I threw some bread crumbs of the sandwich. He moved elegantly and started eating. I was more keen to watch him from all sides, so started spreading my brown bread morsels in different directions. He must be aware of the restrictions his long tail would pose. Since he couldn’t turn in the narrow passage between the chair and the wall. He would snuggle out on the other side and then would make 180 degree turn so as not to get his plumage hit or get trapped. I was getting curious to see what all things he could eat . I threw potato chips. His first reaction was to backtrack with fear and later slowly turn towards it , but size of the chip was too big for his mouth. Trying unsuccessfully to lift with his diminutive beak, he used his intelligence. He used his beak to break it in small parts – and started picking all small pieces. Slowly he was getting comfortable of my presence. But he sure was still shy – every time I would turn myself to pick up food, he would crouch himself backwards only to wait for a while and turn towrds food. Slowly bread crumbs, chips led to cucumbers,capsicum and chesse. By now, everyone had left me and my exotic friend was there to share my lunch. I was already heavy with castel beer and decided to carry my sandwich to my room.

I was hoping to see early australian wickets getting snapped up by Pathan and company. But when I came,aussie was tearing Indian attack with score at 100 for 1 before 15th over. I cursed myself of leaving my friend alone. Few overs may have passed when I heard the pecking noise on my glass door. And there he was, right next to my door watching me through the glass front. The exercise of feeding him and watching natures most amazing creation continued. I would open the door and he would shy away only to pick up the stuff.
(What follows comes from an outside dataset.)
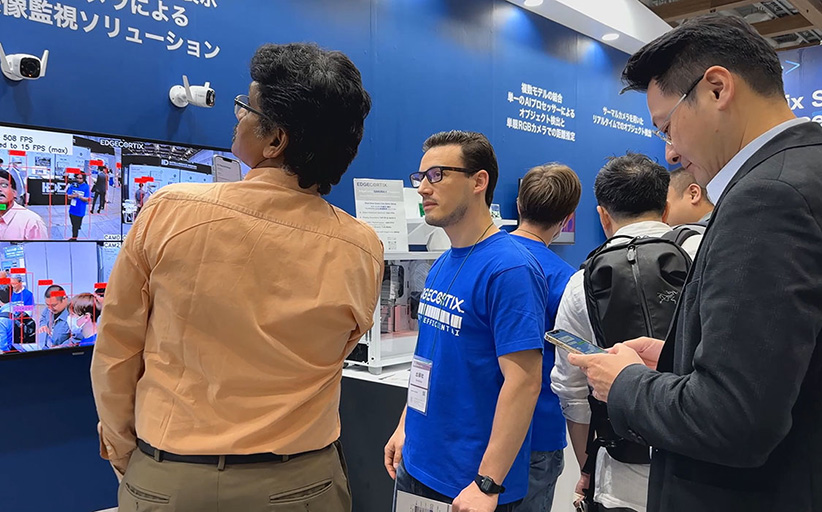 EdgeCortix-Exhibition-at-the-AI-Expo-Tokyo-2023-thumb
By now, I was becoming familiar with his behavioural charachteristics. He is very much like a hen family, even his excreta was similar to the hen. As he was busy eating, I could see a small brown bird in the background watching with great tinge of jealousy. I saw similar birds later on at the street. They could be peahen – a female version but they sure looked ugly. Slowly a fat rabbit too turned up but he couldn’t advance further with my friend’s plumage swirling all around the floor. I was little guarded to throw away my expensive sandwich for my friend but I would have spend hours feeding him and watching his magnificant blue neck. A call from my colleague to join at the conference venue made me leave my friend suddenly without saying him proper ‘Totsiens ‘ – Good bye in afrikaans langauge.When I returned to the room late night , my leftover sandwich was disappeared from the table. I felt bad for not giving all of it to my friend who gave me some of the finest pleasures of watching nature's creation at such a short distance.

I am still intrigued of his coming down to my room which was quite a distance from where I met him initially at the restaurant. Is he that intelligent ? God has been generous with my friend to make him so graceful, beautiful and elegant but I wonder why my friend has to work out a raindance with his gorgeous tail feathers to attract the attention of ugly looking peahen.